- Opening Delimiter -

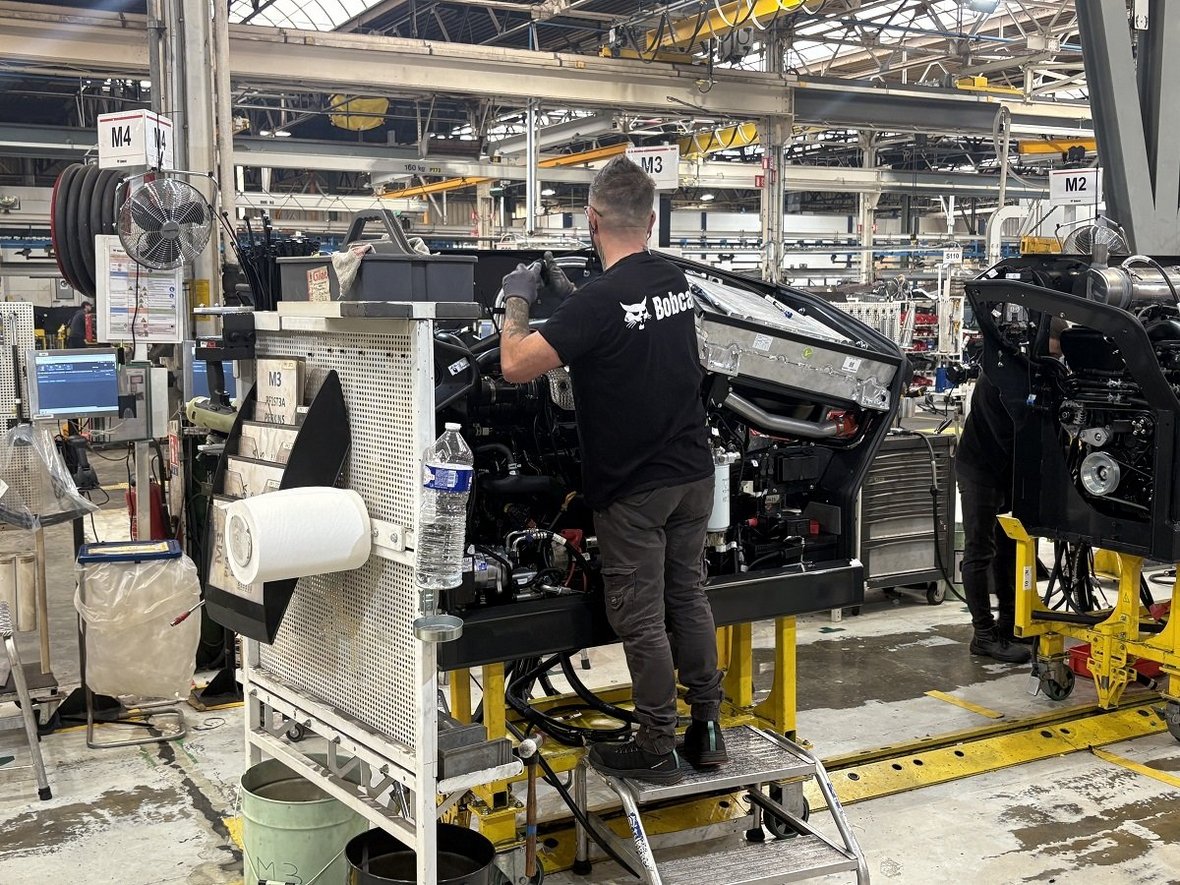 Fabryka Bobcat w Pontchâteau: francuskie serce produkcji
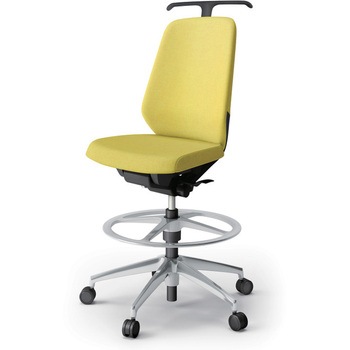 ノートチェア ハイポジションタイプ ハイバック 肘なし ハンガー ランバーサポートなし クロスSA アルミ脚<配送時組立サービス付> イトーキ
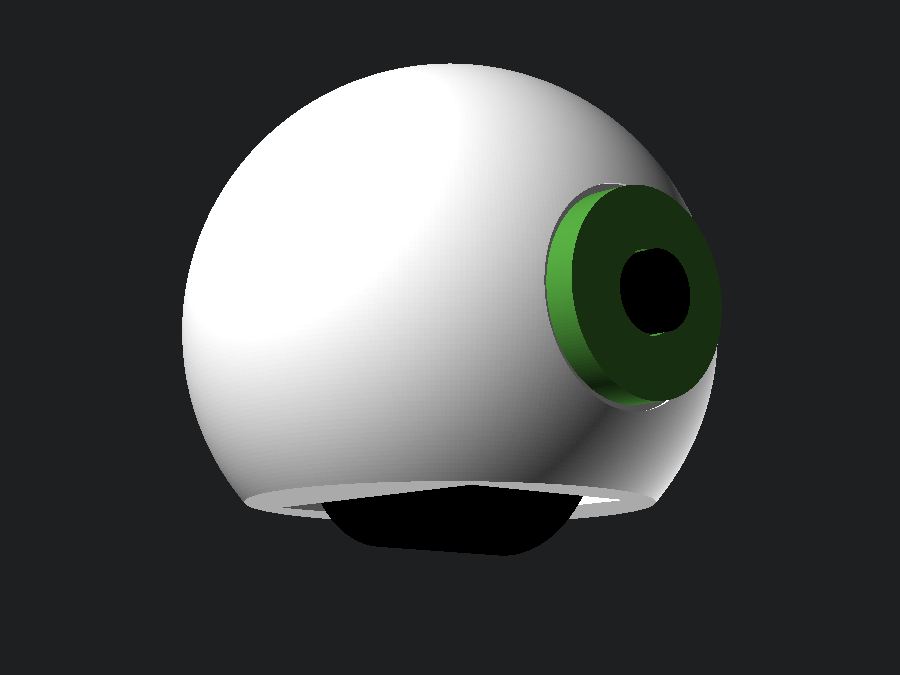 Робот-шар на колесе (NO AMS) 3D model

- Closing Delimiter -

• EXERCISE GOAL
What is needed is every line of the data above, set down exactly but with the images left out.

• FINISHED EXERCISE
 Fabryka Bobcat w Pontchâteau: francuskie serce produkcji
 ノートチェア ハイポジションタイプ ハイバック 肘なし ハンガー ランバーサポートなし クロスSA アルミ脚<配送時組立サービス付> イトーキ
 Робот-шар на колесе (NO AMS) 3D model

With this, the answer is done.